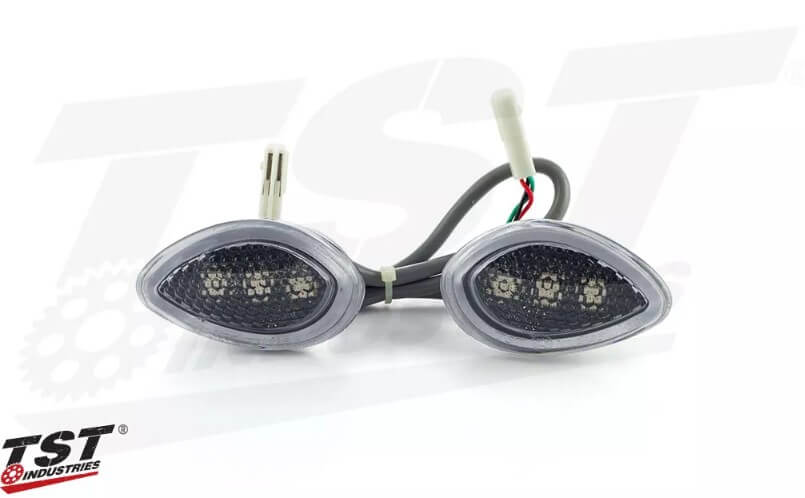 TST Industries LED Halo-1 Flushmount Turn Signals for '07-'12 Honda CBR600RR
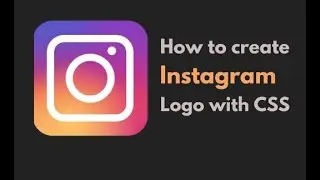 How to create Instgram logo with css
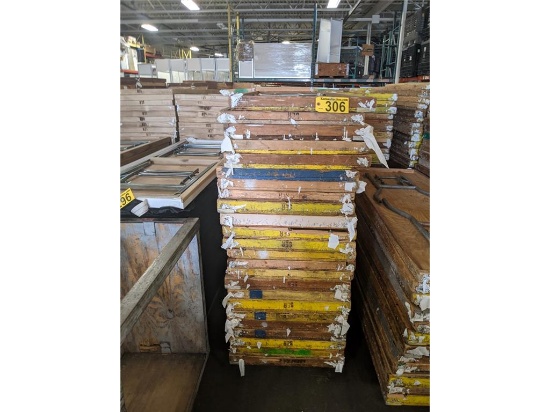 (275) WOODEN FOLDING TABLES 2'X6', 14-STACKS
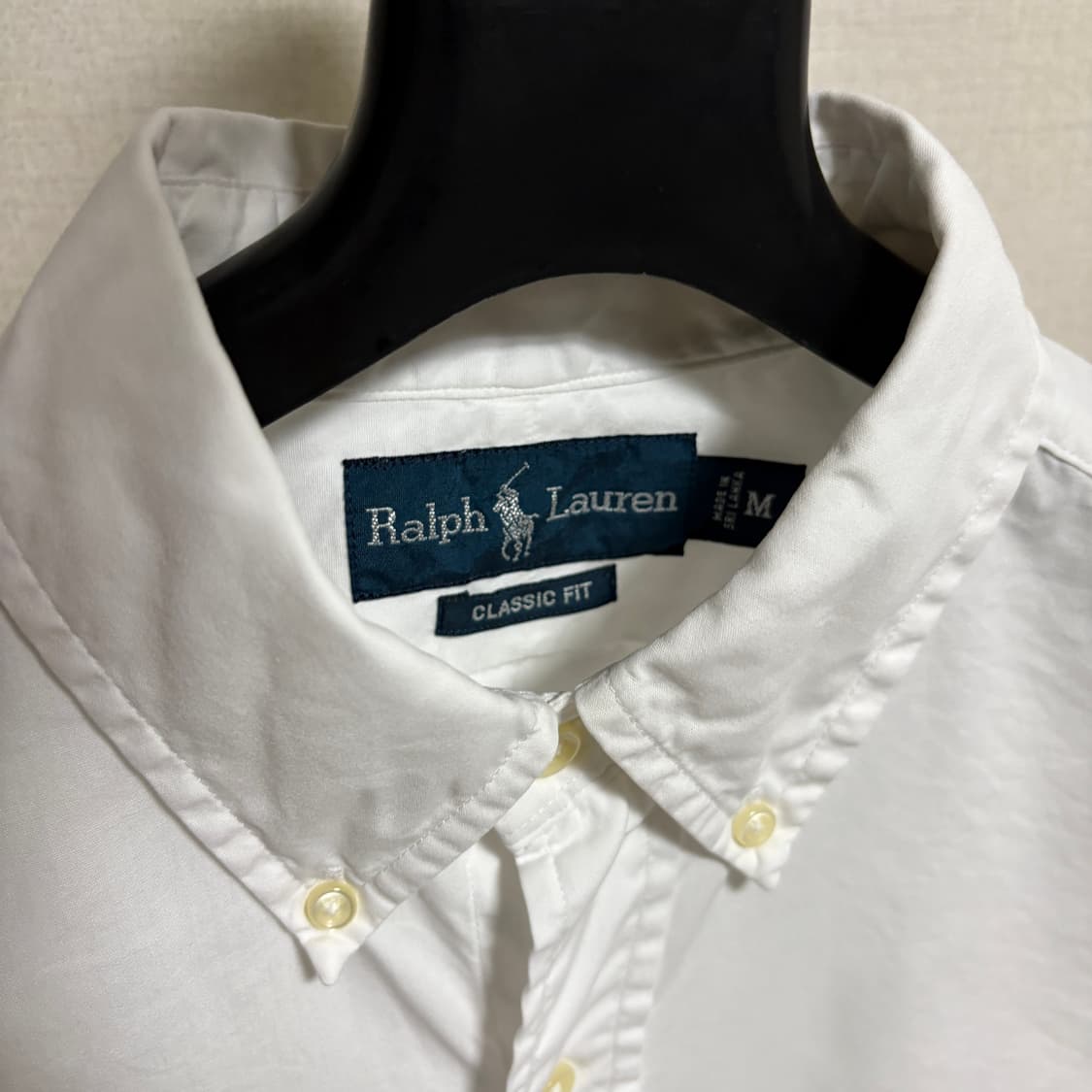 폴로 랄프로렌 클래식핏 코튼 셔츠 / 화이트, M 상품이미지4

● ● ● ●

Exercise
Leave the pictures out and output the rest of the data word for word.

Answer section
 TST Industries LED Halo-1 Flushmount Turn Signals for '07-'12 Honda CBR600RR
 How to create Instgram logo with css
 (275) WOODEN FOLDING TABLES 2'X6', 14-STACKS
 폴로 랄프로렌 클래식핏 코튼 셔츠 / 화이트, M 상품이미지4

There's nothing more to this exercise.